The data>
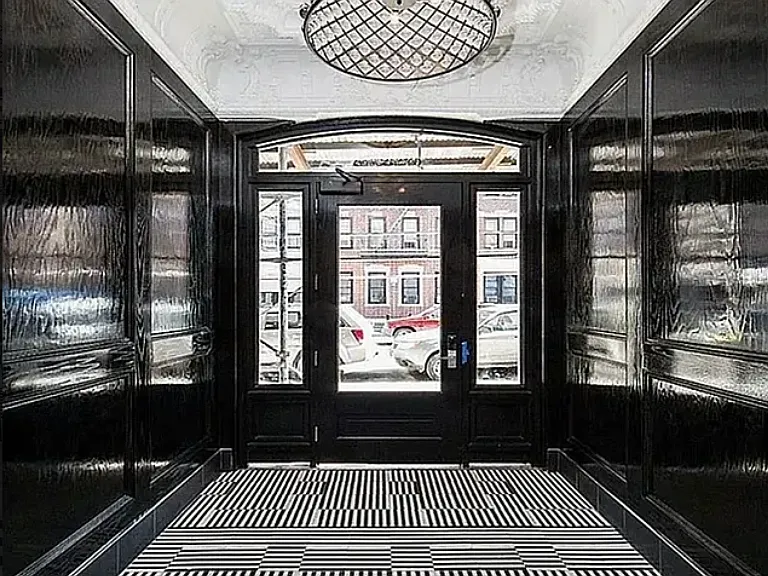331 Keap St #3 — Photo 8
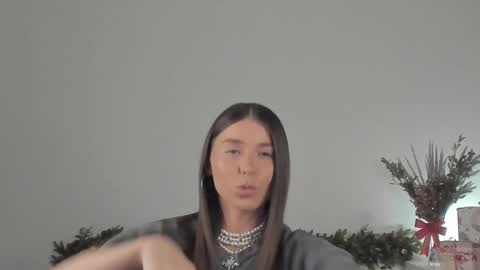 Snapshot of violetta_finch chatting on 01-12-25, 08:14 violetta_finch online show from 01-12-25, 08:14
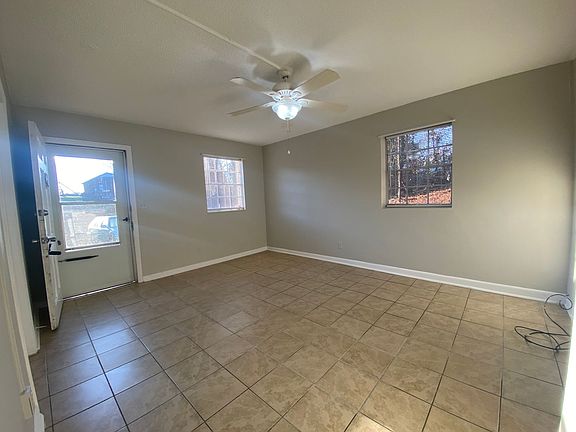 5th image of 206 Pinecrest Dr APT 1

Activity>
Where an image appears in the data, skip it, and return the rest verbatim.

Response to the task>
331 Keap St #3 — Photo 8
 Snapshot of violetta_finch chatting on 01-12-25, 08:14 violetta_finch online show from 01-12-25, 08:14
 5th image of 206 Pinecrest Dr APT 1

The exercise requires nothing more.